> **What is required**: Every record that follows should be output exactly as it is given.

Start of Block

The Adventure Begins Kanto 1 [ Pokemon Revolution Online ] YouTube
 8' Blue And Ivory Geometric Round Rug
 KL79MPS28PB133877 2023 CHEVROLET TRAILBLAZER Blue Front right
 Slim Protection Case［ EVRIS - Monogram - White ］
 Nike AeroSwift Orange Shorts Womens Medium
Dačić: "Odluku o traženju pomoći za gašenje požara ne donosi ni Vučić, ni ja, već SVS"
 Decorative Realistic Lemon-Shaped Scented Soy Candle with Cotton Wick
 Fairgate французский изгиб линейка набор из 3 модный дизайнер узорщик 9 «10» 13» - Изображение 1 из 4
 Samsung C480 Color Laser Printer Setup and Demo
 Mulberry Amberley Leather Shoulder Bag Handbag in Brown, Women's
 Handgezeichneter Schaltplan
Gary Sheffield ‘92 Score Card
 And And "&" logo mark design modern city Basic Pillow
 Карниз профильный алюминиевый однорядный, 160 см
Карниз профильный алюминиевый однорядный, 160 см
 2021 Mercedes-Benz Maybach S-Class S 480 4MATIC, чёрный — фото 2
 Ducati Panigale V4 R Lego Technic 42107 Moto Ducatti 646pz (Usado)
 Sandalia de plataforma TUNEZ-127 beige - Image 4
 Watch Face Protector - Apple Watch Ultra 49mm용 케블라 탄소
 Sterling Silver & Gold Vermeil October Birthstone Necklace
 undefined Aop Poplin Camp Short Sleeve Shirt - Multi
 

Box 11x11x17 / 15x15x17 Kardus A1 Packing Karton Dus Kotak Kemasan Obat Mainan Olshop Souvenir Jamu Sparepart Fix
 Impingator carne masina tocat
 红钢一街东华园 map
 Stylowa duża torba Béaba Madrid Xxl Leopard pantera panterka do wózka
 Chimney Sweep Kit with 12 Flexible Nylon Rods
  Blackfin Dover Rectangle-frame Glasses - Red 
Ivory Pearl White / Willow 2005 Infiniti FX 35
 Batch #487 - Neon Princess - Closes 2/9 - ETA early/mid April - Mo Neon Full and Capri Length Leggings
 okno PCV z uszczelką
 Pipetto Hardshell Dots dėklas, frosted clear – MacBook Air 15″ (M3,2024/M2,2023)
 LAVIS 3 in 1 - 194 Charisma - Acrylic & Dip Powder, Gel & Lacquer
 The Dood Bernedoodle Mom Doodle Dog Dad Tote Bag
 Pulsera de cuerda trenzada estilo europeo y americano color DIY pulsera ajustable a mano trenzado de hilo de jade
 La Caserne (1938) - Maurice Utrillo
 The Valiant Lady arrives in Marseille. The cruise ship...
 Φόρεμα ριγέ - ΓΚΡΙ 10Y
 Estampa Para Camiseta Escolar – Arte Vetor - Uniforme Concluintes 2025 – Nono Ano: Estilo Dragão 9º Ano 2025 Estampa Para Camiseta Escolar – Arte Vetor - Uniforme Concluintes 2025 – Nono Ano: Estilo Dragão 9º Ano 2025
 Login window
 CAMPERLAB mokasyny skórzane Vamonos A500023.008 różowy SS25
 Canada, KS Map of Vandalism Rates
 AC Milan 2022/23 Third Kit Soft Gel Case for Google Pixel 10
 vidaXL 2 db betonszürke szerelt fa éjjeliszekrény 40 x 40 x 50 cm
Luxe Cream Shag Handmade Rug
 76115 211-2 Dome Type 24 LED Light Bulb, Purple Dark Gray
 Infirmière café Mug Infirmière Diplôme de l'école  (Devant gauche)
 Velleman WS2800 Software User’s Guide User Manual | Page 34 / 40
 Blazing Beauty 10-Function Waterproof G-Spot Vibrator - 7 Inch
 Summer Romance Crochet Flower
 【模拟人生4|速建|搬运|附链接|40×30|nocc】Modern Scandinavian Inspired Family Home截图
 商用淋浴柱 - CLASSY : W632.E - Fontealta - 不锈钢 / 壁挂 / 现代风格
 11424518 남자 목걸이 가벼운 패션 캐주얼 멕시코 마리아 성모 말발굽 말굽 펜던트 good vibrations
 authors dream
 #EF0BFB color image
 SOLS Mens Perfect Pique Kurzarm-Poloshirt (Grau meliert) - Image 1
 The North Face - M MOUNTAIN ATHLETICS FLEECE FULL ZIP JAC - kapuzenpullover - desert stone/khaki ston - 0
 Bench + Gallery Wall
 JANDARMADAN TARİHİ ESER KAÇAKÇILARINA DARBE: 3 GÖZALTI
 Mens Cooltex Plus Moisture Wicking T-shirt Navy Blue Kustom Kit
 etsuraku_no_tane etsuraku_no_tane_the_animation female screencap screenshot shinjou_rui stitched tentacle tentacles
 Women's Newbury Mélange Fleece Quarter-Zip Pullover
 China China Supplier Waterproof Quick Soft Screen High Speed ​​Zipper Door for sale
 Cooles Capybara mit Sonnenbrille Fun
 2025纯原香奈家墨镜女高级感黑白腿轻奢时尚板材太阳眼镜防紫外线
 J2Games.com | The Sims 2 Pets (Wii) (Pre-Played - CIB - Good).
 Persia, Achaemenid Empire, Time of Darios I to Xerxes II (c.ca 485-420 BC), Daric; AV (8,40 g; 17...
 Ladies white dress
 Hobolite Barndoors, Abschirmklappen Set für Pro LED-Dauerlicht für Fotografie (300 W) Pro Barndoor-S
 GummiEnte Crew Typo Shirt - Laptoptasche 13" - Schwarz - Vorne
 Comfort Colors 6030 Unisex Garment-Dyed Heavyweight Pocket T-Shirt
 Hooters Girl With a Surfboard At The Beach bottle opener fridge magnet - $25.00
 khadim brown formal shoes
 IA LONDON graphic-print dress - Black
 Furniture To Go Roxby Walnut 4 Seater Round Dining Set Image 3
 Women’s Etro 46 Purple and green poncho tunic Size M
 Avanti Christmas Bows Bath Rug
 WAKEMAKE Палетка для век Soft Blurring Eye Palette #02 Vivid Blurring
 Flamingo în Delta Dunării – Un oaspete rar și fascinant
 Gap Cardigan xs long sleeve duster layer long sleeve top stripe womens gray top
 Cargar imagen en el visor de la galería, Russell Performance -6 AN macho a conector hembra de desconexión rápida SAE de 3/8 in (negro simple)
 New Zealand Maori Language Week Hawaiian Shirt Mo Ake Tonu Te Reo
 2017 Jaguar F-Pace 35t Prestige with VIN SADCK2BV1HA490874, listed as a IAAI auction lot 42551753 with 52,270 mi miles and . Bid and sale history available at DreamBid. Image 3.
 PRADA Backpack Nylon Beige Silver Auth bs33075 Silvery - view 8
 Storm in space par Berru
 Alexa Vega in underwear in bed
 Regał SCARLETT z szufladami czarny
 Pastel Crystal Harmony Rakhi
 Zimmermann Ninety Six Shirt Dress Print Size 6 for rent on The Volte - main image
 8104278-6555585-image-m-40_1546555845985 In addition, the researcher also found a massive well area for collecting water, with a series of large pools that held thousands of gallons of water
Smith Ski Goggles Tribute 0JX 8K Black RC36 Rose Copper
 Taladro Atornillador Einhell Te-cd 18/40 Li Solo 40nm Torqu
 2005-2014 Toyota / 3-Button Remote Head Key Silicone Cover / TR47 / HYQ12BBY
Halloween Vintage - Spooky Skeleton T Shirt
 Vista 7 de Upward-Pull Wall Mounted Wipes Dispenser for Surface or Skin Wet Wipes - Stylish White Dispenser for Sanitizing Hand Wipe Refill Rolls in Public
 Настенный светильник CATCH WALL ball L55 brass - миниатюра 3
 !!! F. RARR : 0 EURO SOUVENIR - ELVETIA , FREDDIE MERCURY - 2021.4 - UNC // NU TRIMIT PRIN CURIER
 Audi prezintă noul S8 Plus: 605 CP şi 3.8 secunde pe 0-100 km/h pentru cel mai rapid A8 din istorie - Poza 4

End of Block

> **Written answer**:
The Adventure Begins Kanto 1 [ Pokemon Revolution Online ] YouTube
 8' Blue And Ivory Geometric Round Rug
 KL79MPS28PB133877 2023 CHEVROLET TRAILBLAZER Blue Front right
 Slim Protection Case［ EVRIS - Monogram - White ］
 Nike AeroSwift Orange Shorts Womens Medium
Dačić: "Odluku o traženju pomoći za gašenje požara ne donosi ni Vučić, ni ja, već SVS"
 Decorative Realistic Lemon-Shaped Scented Soy Candle with Cotton Wick
 Fairgate французский изгиб линейка набор из 3 модный дизайнер узорщик 9 «10» 13» - Изображение 1 из 4
 Samsung C480 Color Laser Printer Setup and Demo
 Mulberry Amberley Leather Shoulder Bag Handbag in Brown, Women's
 Handgezeichneter Schaltplan
Gary Sheffield ‘92 Score Card
 And And "&" logo mark design modern city Basic Pillow
 Карниз профильный алюминиевый однорядный, 160 см
Карниз профильный алюминиевый однорядный, 160 см
 2021 Mercedes-Benz Maybach S-Class S 480 4MATIC, чёрный — фото 2
 Ducati Panigale V4 R Lego Technic 42107 Moto Ducatti 646pz (Usado)
 Sandalia de plataforma TUNEZ-127 beige - Image 4
 Watch Face Protector - Apple Watch Ultra 49mm용 케블라 탄소
 Sterling Silver & Gold Vermeil October Birthstone Necklace
 undefined Aop Poplin Camp Short Sleeve Shirt - Multi
 

Box 11x11x17 / 15x15x17 Kardus A1 Packing Karton Dus Kotak Kemasan Obat Mainan Olshop Souvenir Jamu Sparepart Fix
 Impingator carne masina tocat
 红钢一街东华园 map
 Stylowa duża torba Béaba Madrid Xxl Leopard pantera panterka do wózka
 Chimney Sweep Kit with 12 Flexible Nylon Rods
  Blackfin Dover Rectangle-frame Glasses - Red 
Ivory Pearl White / Willow 2005 Infiniti FX 35
 Batch #487 - Neon Princess - Closes 2/9 - ETA early/mid April - Mo Neon Full and Capri Length Leggings
 okno PCV z uszczelką
 Pipetto Hardshell Dots dėklas, frosted clear – MacBook Air 15″ (M3,2024/M2,2023)
 LAVIS 3 in 1 - 194 Charisma - Acrylic & Dip Powder, Gel & Lacquer
 The Dood Bernedoodle Mom Doodle Dog Dad Tote Bag
 Pulsera de cuerda trenzada estilo europeo y americano color DIY pulsera ajustable a mano trenzado de hilo de jade
 La Caserne (1938) - Maurice Utrillo
 The Valiant Lady arrives in Marseille. The cruise ship...
 Φόρεμα ριγέ - ΓΚΡΙ 10Y
 Estampa Para Camiseta Escolar – Arte Vetor - Uniforme Concluintes 2025 – Nono Ano: Estilo Dragão 9º Ano 2025 Estampa Para Camiseta Escolar – Arte Vetor - Uniforme Concluintes 2025 – Nono Ano: Estilo Dragão 9º Ano 2025
 Login window
 CAMPERLAB mokasyny skórzane Vamonos A500023.008 różowy SS25
 Canada, KS Map of Vandalism Rates
 AC Milan 2022/23 Third Kit Soft Gel Case for Google Pixel 10
 vidaXL 2 db betonszürke szerelt fa éjjeliszekrény 40 x 40 x 50 cm
Luxe Cream Shag Handmade Rug
 76115 211-2 Dome Type 24 LED Light Bulb, Purple Dark Gray
 Infirmière café Mug Infirmière Diplôme de l'école  (Devant gauche)
 Velleman WS2800 Software User’s Guide User Manual | Page 34 / 40
 Blazing Beauty 10-Function Waterproof G-Spot Vibrator - 7 Inch
 Summer Romance Crochet Flower
 【模拟人生4|速建|搬运|附链接|40×30|nocc】Modern Scandinavian Inspired Family Home截图
 商用淋浴柱 - CLASSY : W632.E - Fontealta - 不锈钢 / 壁挂 / 现代风格
 11424518 남자 목걸이 가벼운 패션 캐주얼 멕시코 마리아 성모 말발굽 말굽 펜던트 good vibrations
 authors dream
 #EF0BFB color image
 SOLS Mens Perfect Pique Kurzarm-Poloshirt (Grau meliert) - Image 1
 The North Face - M MOUNTAIN ATHLETICS FLEECE FULL ZIP JAC - kapuzenpullover - desert stone/khaki ston - 0
 Bench + Gallery Wall
 JANDARMADAN TARİHİ ESER KAÇAKÇILARINA DARBE: 3 GÖZALTI
 Mens Cooltex Plus Moisture Wicking T-shirt Navy Blue Kustom Kit
 etsuraku_no_tane etsuraku_no_tane_the_animation female screencap screenshot shinjou_rui stitched tentacle tentacles
 Women's Newbury Mélange Fleece Quarter-Zip Pullover
 China China Supplier Waterproof Quick Soft Screen High Speed ​​Zipper Door for sale
 Cooles Capybara mit Sonnenbrille Fun
 2025纯原香奈家墨镜女高级感黑白腿轻奢时尚板材太阳眼镜防紫外线
 J2Games.com | The Sims 2 Pets (Wii) (Pre-Played - CIB - Good).
 Persia, Achaemenid Empire, Time of Darios I to Xerxes II (c.ca 485-420 BC), Daric; AV (8,40 g; 17...
 Ladies white dress
 Hobolite Barndoors, Abschirmklappen Set für Pro LED-Dauerlicht für Fotografie (300 W) Pro Barndoor-S
 GummiEnte Crew Typo Shirt - Laptoptasche 13" - Schwarz - Vorne
 Comfort Colors 6030 Unisex Garment-Dyed Heavyweight Pocket T-Shirt
 Hooters Girl With a Surfboard At The Beach bottle opener fridge magnet - $25.00
 khadim brown formal shoes
 IA LONDON graphic-print dress - Black
 Furniture To Go Roxby Walnut 4 Seater Round Dining Set Image 3
 Women’s Etro 46 Purple and green poncho tunic Size M
 Avanti Christmas Bows Bath Rug
 WAKEMAKE Палетка для век Soft Blurring Eye Palette #02 Vivid Blurring
 Flamingo în Delta Dunării – Un oaspete rar și fascinant
 Gap Cardigan xs long sleeve duster layer long sleeve top stripe womens gray top
 Cargar imagen en el visor de la galería, Russell Performance -6 AN macho a conector hembra de desconexión rápida SAE de 3/8 in (negro simple)
 New Zealand Maori Language Week Hawaiian Shirt Mo Ake Tonu Te Reo
 2017 Jaguar F-Pace 35t Prestige with VIN SADCK2BV1HA490874, listed as a IAAI auction lot 42551753 with 52,270 mi miles and . Bid and sale history available at DreamBid. Image 3.
 PRADA Backpack Nylon Beige Silver Auth bs33075 Silvery - view 8
 Storm in space par Berru
 Alexa Vega in underwear in bed
 Regał SCARLETT z szufladami czarny
 Pastel Crystal Harmony Rakhi
 Zimmermann Ninety Six Shirt Dress Print Size 6 for rent on The Volte - main image
 8104278-6555585-image-m-40_1546555845985 In addition, the researcher also found a massive well area for collecting water, with a series of large pools that held thousands of gallons of water
Smith Ski Goggles Tribute 0JX 8K Black RC36 Rose Copper
 Taladro Atornillador Einhell Te-cd 18/40 Li Solo 40nm Torqu
 2005-2014 Toyota / 3-Button Remote Head Key Silicone Cover / TR47 / HYQ12BBY
Halloween Vintage - Spooky Skeleton T Shirt
 Vista 7 de Upward-Pull Wall Mounted Wipes Dispenser for Surface or Skin Wet Wipes - Stylish White Dispenser for Sanitizing Hand Wipe Refill Rolls in Public
 Настенный светильник CATCH WALL ball L55 brass - миниатюра 3
 !!! F. RARR : 0 EURO SOUVENIR - ELVETIA , FREDDIE MERCURY - 2021.4 - UNC // NU TRIMIT PRIN CURIER
 Audi prezintă noul S8 Plus: 605 CP şi 3.8 secunde pe 0-100 km/h pentru cel mai rapid A8 din istorie - Poza 4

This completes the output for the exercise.